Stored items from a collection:

───

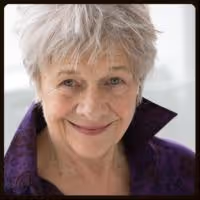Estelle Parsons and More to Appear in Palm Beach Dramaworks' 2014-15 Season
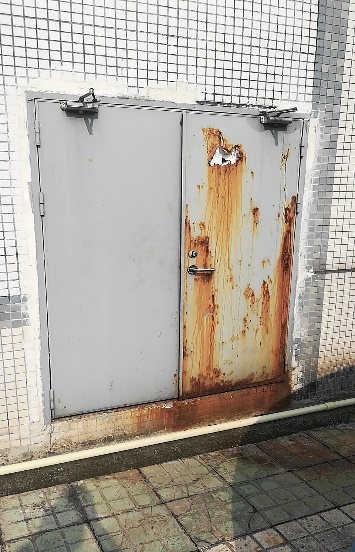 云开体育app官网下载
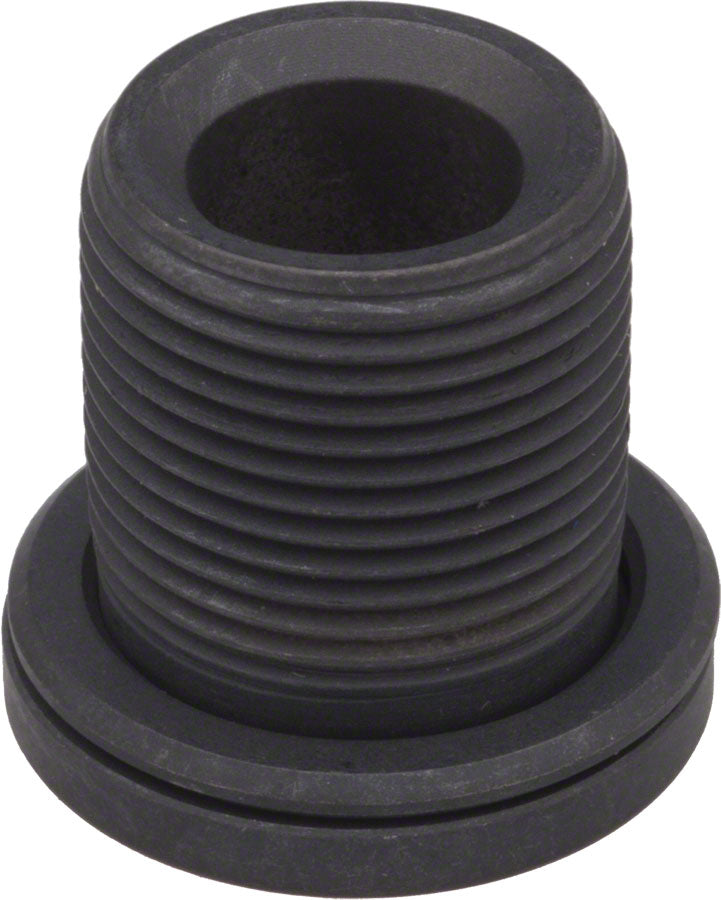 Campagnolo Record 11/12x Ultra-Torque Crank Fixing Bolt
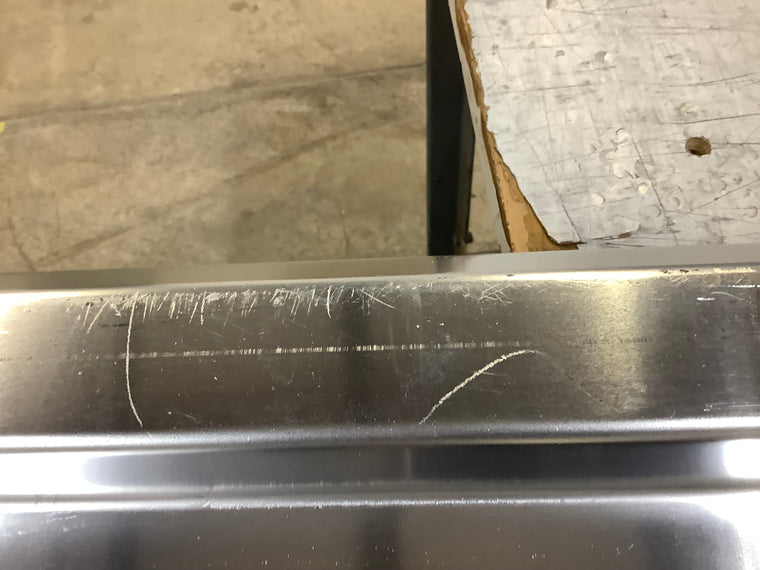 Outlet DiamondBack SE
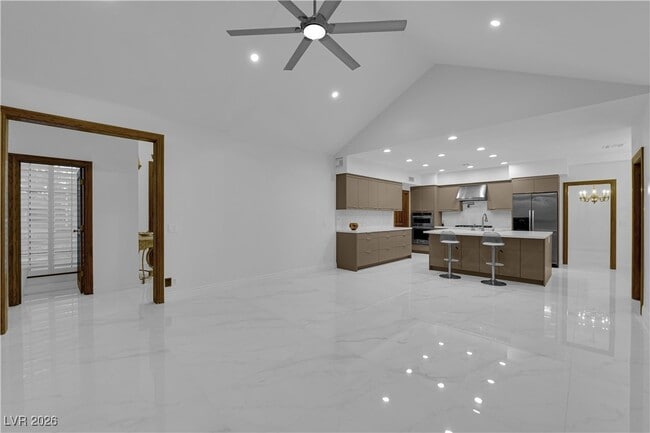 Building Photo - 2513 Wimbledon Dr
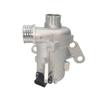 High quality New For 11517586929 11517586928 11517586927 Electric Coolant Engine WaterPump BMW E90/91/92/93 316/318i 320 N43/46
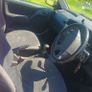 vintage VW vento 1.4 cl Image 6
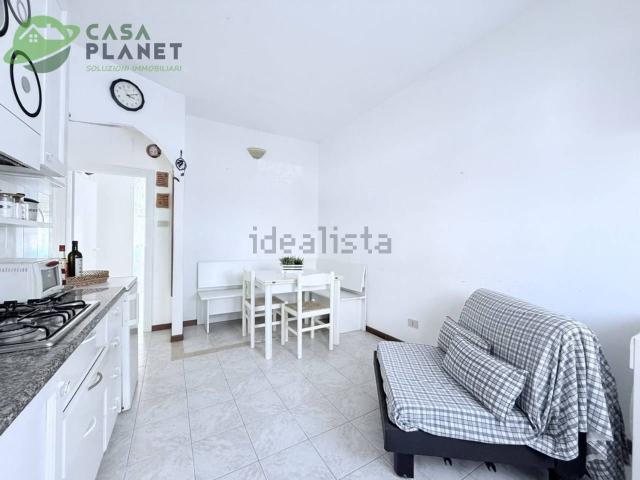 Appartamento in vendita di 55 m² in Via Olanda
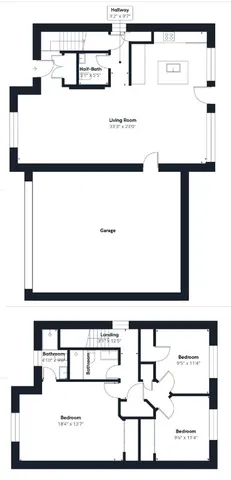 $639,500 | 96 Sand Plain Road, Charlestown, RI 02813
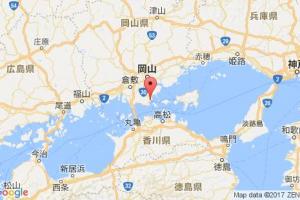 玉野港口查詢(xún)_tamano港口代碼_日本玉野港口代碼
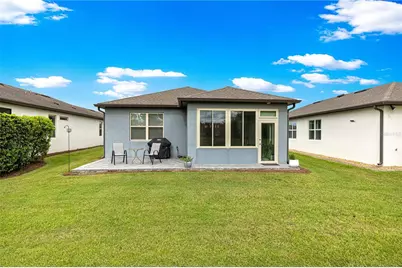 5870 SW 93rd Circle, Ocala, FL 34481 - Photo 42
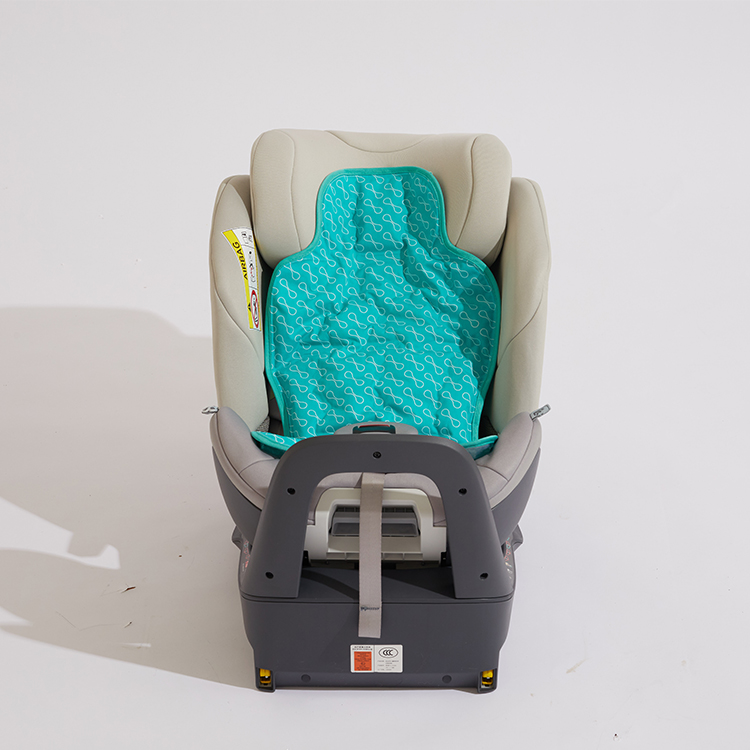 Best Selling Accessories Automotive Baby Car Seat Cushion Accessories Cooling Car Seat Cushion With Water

───

Activity:
What belongs in the answer is each line above, reproduced exactly, and no picture.

Problem solution:
Estelle Parsons and More to Appear in Palm Beach Dramaworks' 2014-15 Season
 云开体育app官网下载
 Campagnolo Record 11/12x Ultra-Torque Crank Fixing Bolt
 Outlet DiamondBack SE
 Building Photo - 2513 Wimbledon Dr
 High quality New For 11517586929 11517586928 11517586927 Electric Coolant Engine WaterPump BMW E90/91/92/93 316/318i 320 N43/46
 vintage VW vento 1.4 cl Image 6
 Appartamento in vendita di 55 m² in Via Olanda
 $639,500 | 96 Sand Plain Road, Charlestown, RI 02813
 玉野港口查詢(xún)_tamano港口代碼_日本玉野港口代碼
 5870 SW 93rd Circle, Ocala, FL 34481 - Photo 42
 Best Selling Accessories Automotive Baby Car Seat Cushion Accessories Cooling Car Seat Cushion With Water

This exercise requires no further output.